Cougars And Thoroughbreds - What"s The Difference?

Last week, the runner up in the Kentucky Derby, a filly named Eight Belles, had to be euthanized after breaking both front legs following her second place finish.
Several days before, a wild cougar found roaming the streets of Chicago was shot and killed by the police.
One would think the public outcry over both events would be equally strong, but such was not the case.
After the cougar was shot and its body shown on TV as much as Britney's latest meltdown, the response was immediate.
How dare the police shoot this innocent animal, they cried.
They should have used a tranquilizer gun and sent the magnificent beast back to its habitat, they wailed.

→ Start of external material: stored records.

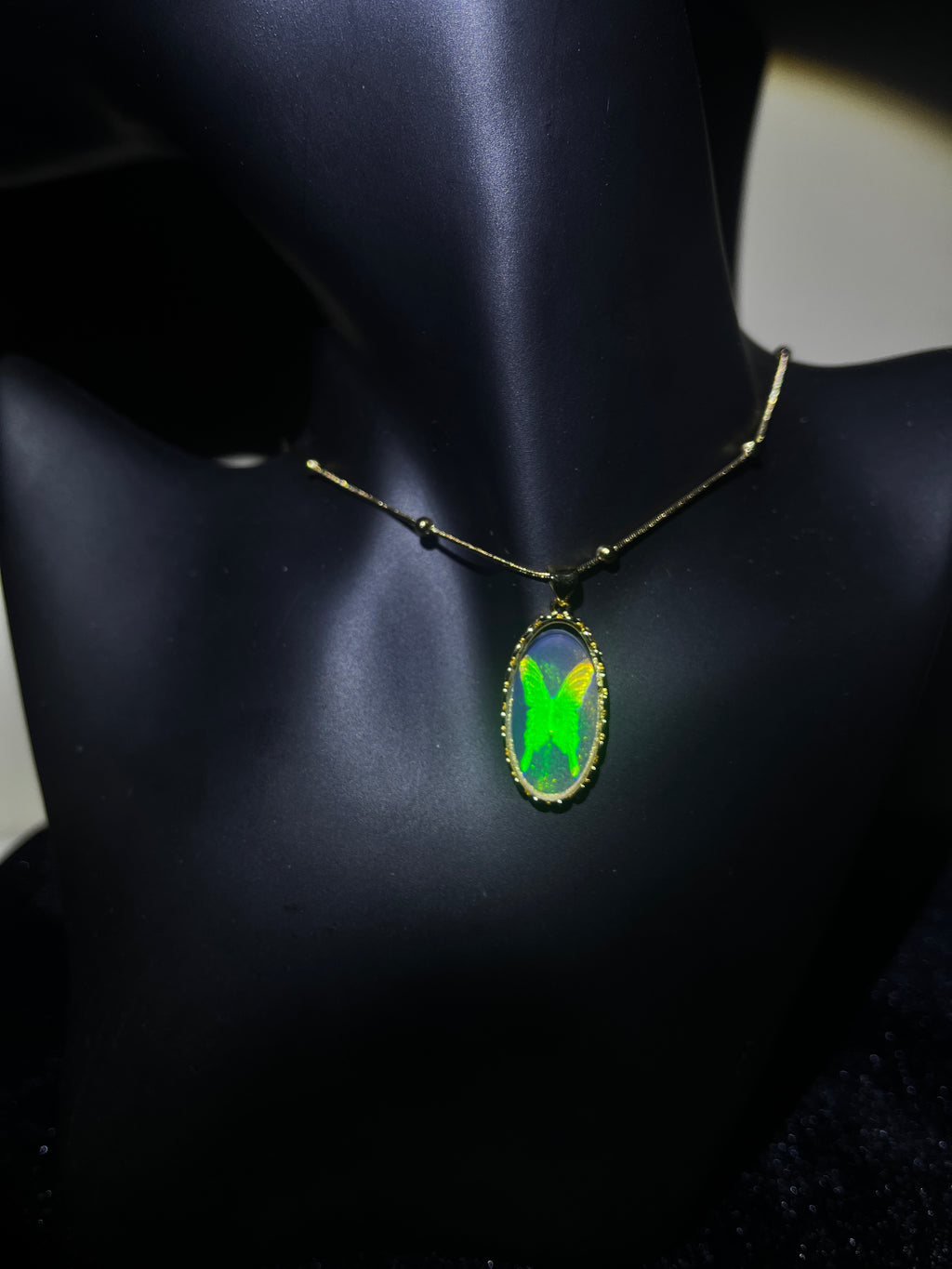Holographic Butterfly Necklace, 3D Butterfly Pendant, Iridescent Jewelry, Unique Nature Inspired Gift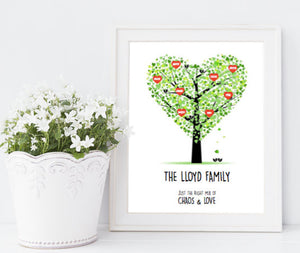 framed Personalised family tree print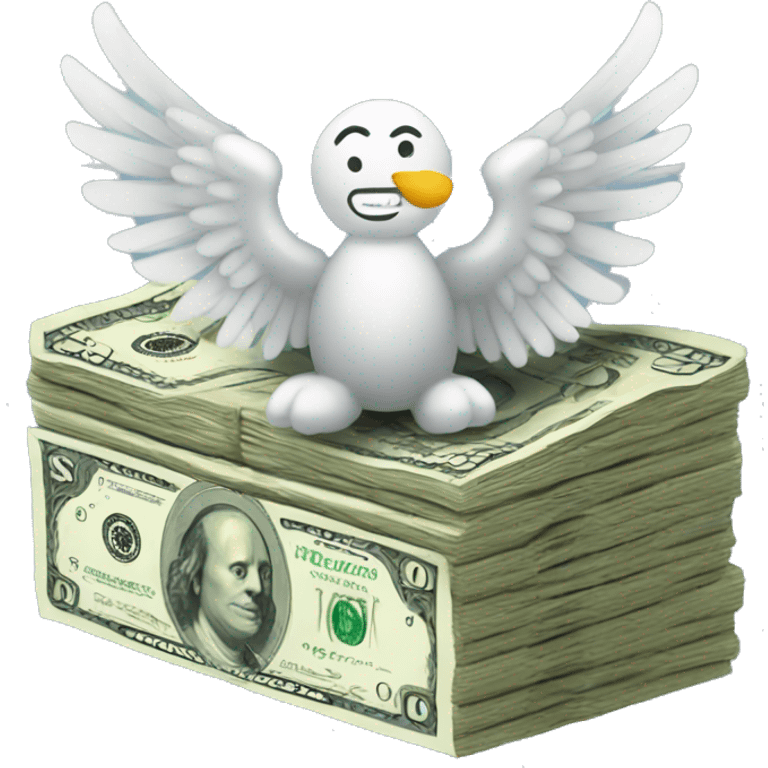 A stack of dollars with wings emoji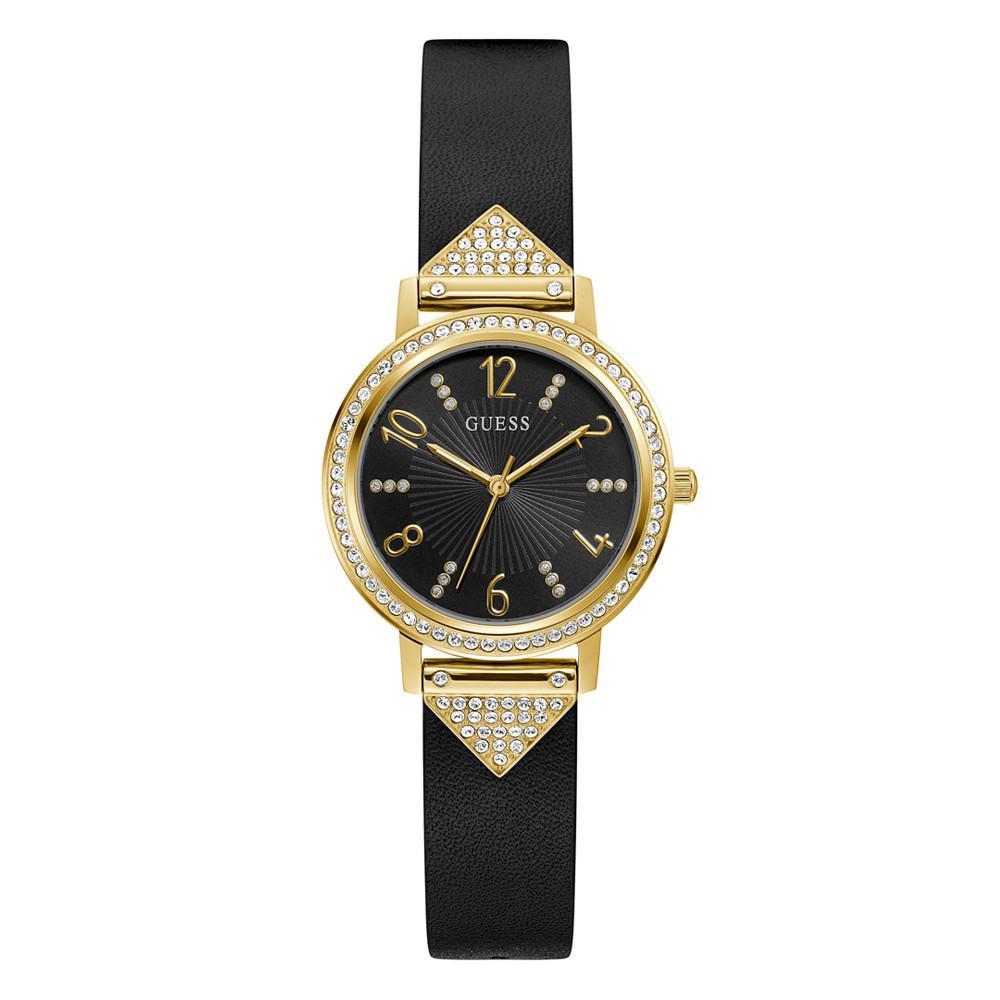 商品GUESS|Women's Quartz Gold-Tone Glitz Black Leather Strap Watch 32mm,价格¥973,第1张图片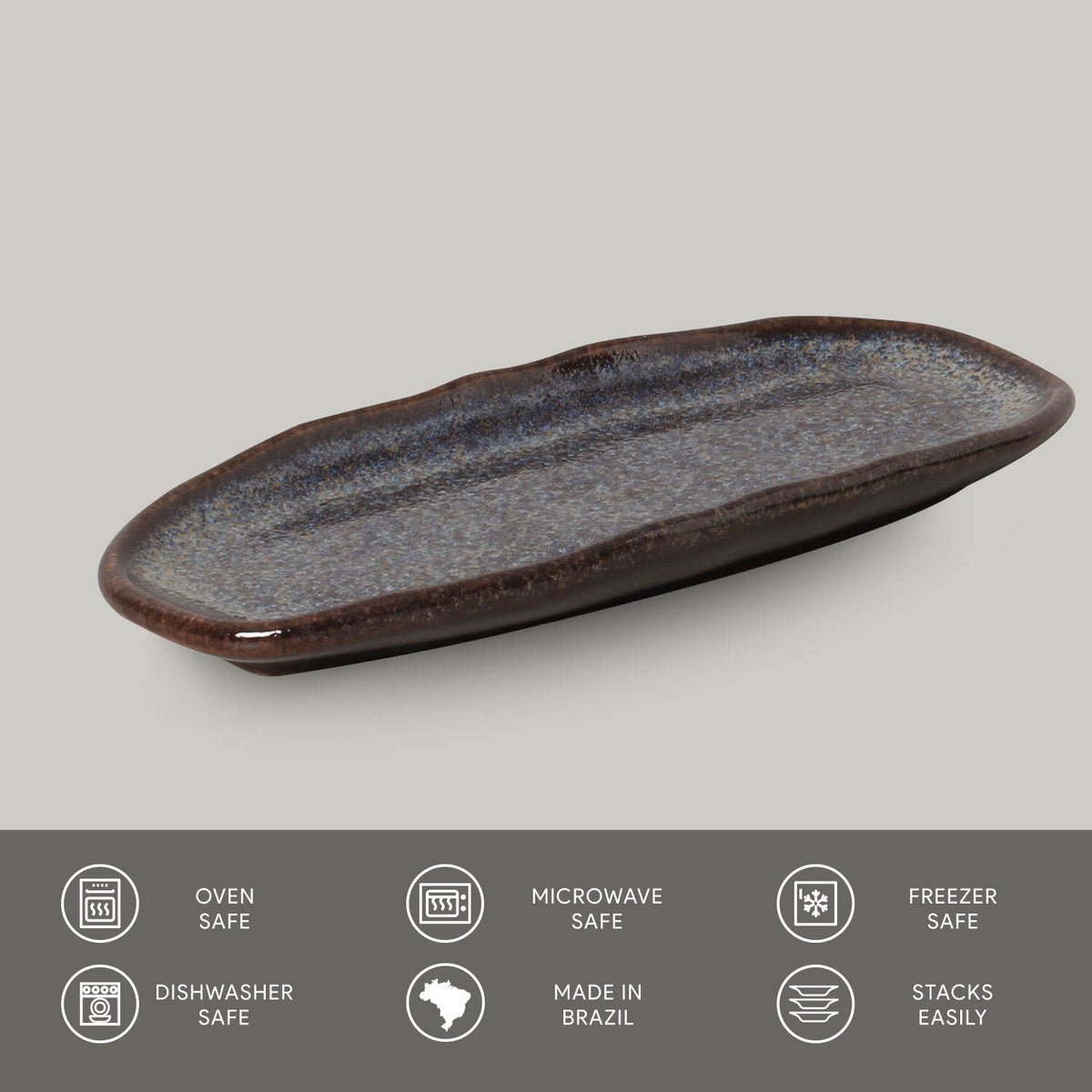 Porto Brasil TITANIUM SHALLOW OVAL PR ORGANIC STONEWARE dia. 6.5x3.15"  SKU: '15214109401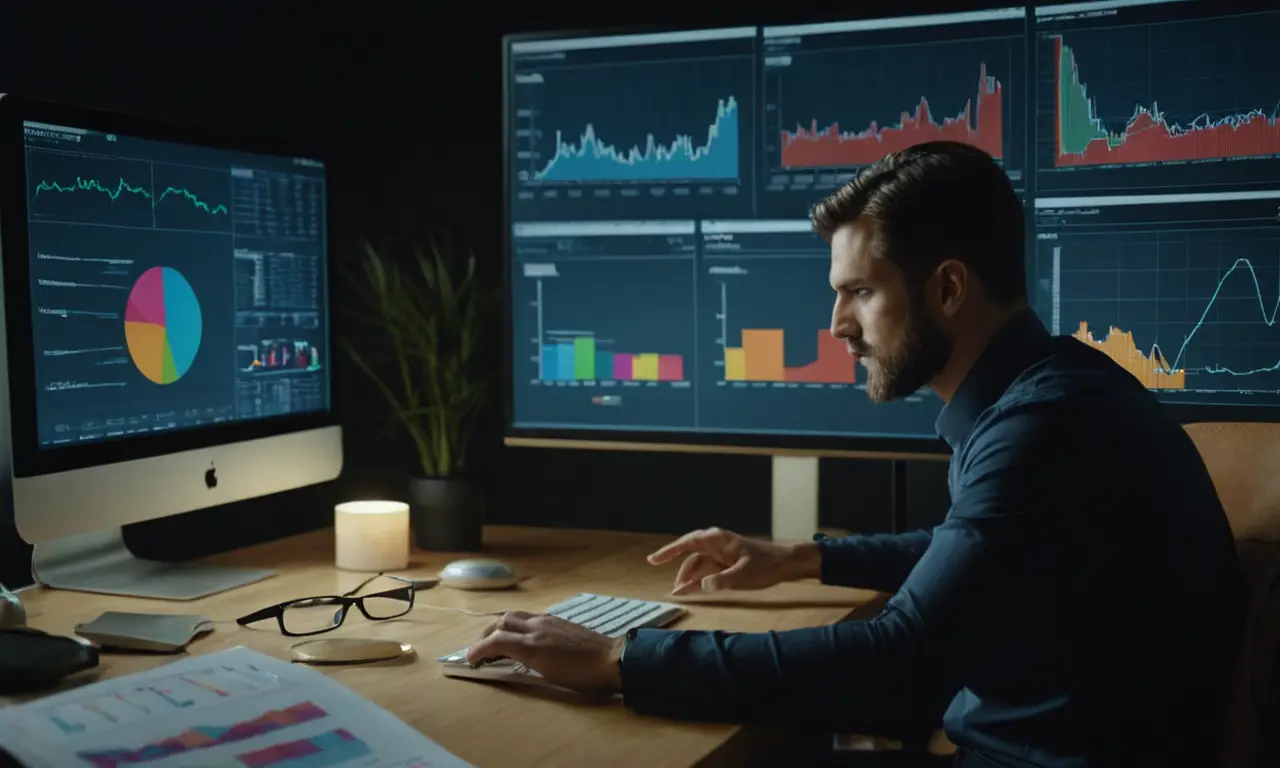 Un marketer analizando datos en una pantalla de computadora, rodeado de gráficos y diagramas.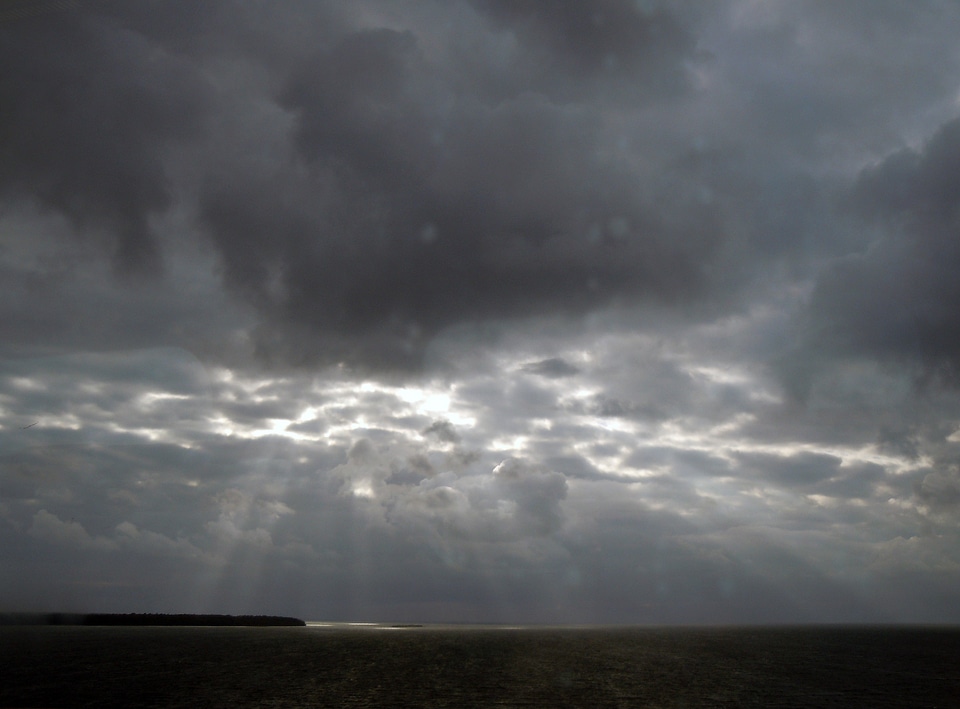 April weather clouds sunbeam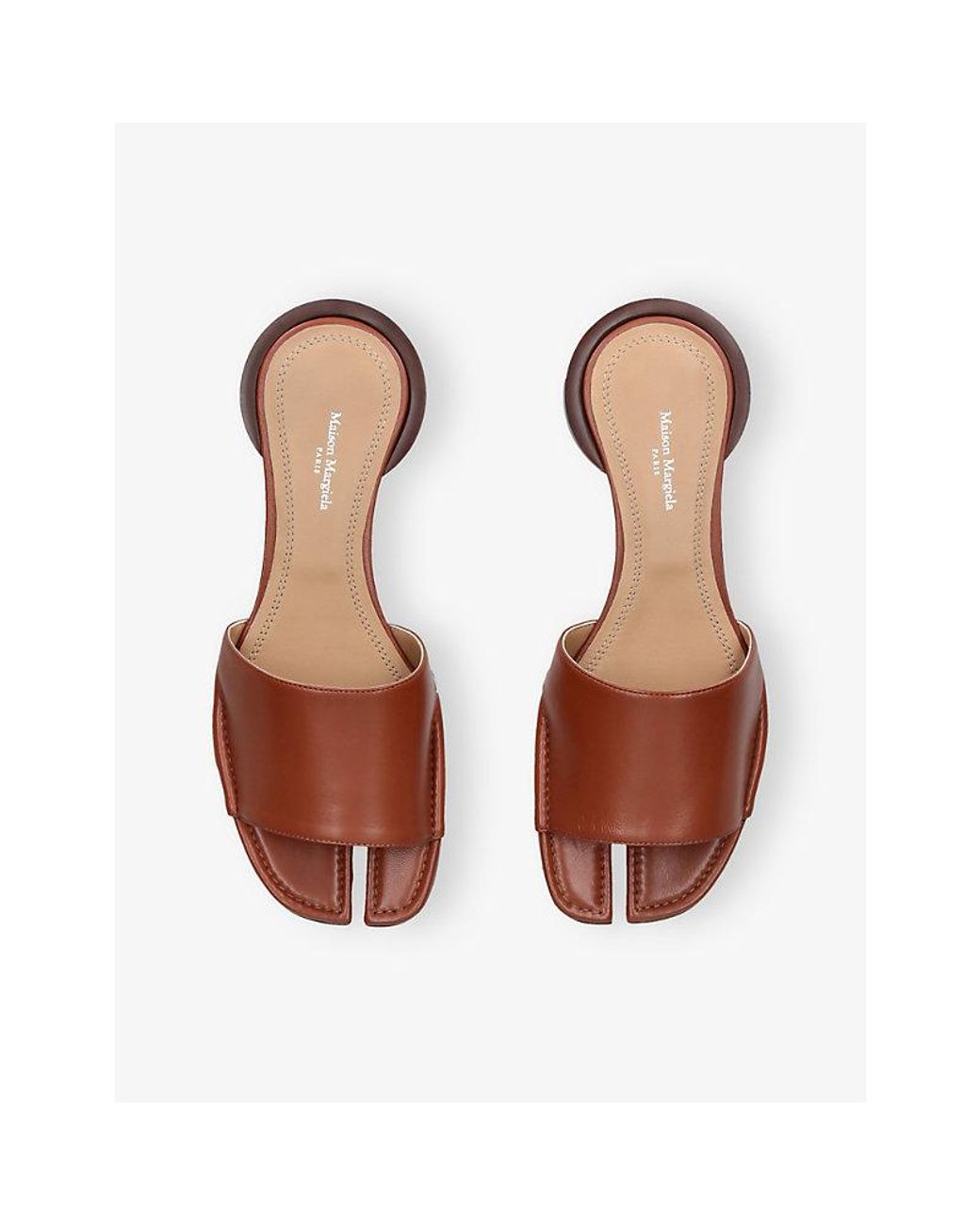 Maison Margiela Brown Tabi Leather Sandals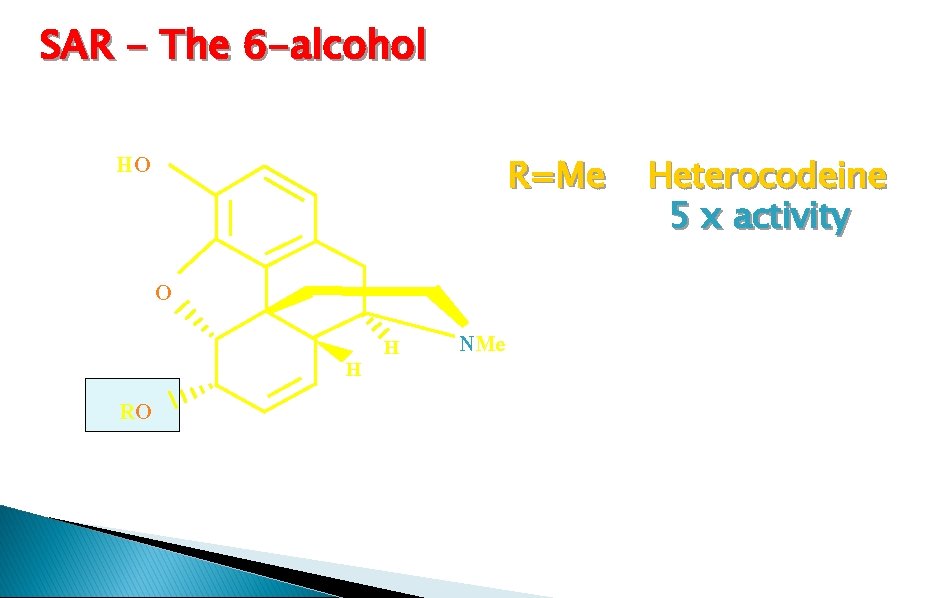 SAR - The 6 -alcohol HO R=Me O RO H H NMe Heterocodeine 5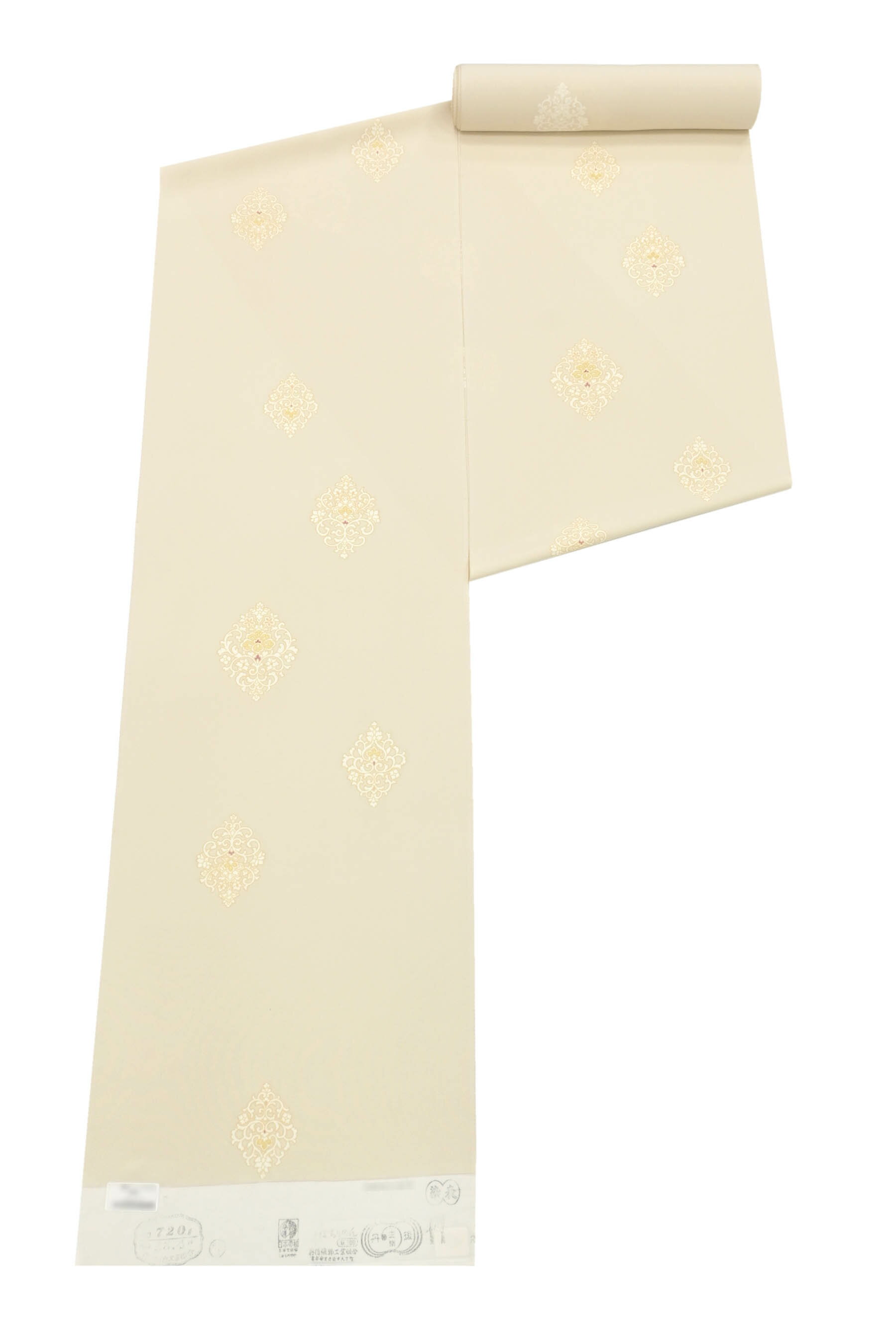 【吉澤の友禅】 特選十日町友禅小紋着尺 「透彫華紋・ライトベージュ」 ハイセンスなデザイン 飛び柄でスマートに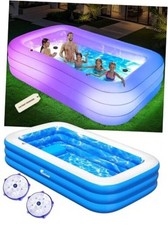 Inflatable Pool with Pool Lights and Seat, Durable 110" x 63" x 20" White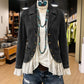 💬 Tausende zufriedene Kunden! 💞 Damen Jeansjacke mit Spitzenabschluss und Reverskragen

Oh, the outrageous indignation of it all.
The cat took on the aura of celebrity, like hearing that Tom Cruise was in town.
Of course Chicago cops don't carry tranquilizer darts on their belts.
Not only that, an animal doesn't drop into a deep sleep immediately.
It can take, as I understand it, up to 20 minutes for the drugs to kick in.
Even if it only takes a few seconds, that still may be too long if the animal is angry or scared enough and decides to attack.
The police erred when they didn't address that issue immediately.
They should have sent out press releases, gone on TV, etc.
and told all that to the public, although it may not have mattered much.
Why let the facts get in the way of a good moral outrage? By the time they explained it, though, it was too late.
What I found striking and not a little disturbing was that when the horse was put down after the race, no one said anything.
Where were the shrieks of the animal rights police then, PETA notwithstanding? Why was it so wrong to shoot a wild cougar who may have been on the attack, although no one seems to know, but was okay to kill a horse with a couple of broken bones? I know little about horses and less about cougars, but I'm sure that trainers and owners don't take lightly the ending of an animal's life.
You don't want to lose a creature that may be worth millions just because that's the way it's always been done, not to mention the personal attachments involved.
It has to be a horrible, agonizing decision.
I assume that veterinary science is working diligently to find a way to save a horse whenaccidents like this happen.
One would think that eventually a solution will be found that will spare a horse's life, allowing it to retire, as it were, to the pasture and companionship of others.
So why didn't the public, in all its apparently vast knowledge of animal behavior, complain? Could it be that horses are less important or so plentiful that knocking one off is no big deal? Is it because the cougar is like an exotic mystical creation of mythic proportions? Or are we, as a society, so consumed by the trappings of celebrity that we don't see what's really happening around us? The cougar story has now faded, the void to be filled by the next breathtaking tabloid worthy assignation.
The horse story barely made a blip.
The deaths of both animals is tragic, of course.
Could they have been avoided? I don't know and unless you were there, you don't either.
And let's not even get started on the human beings that were killed on those two days.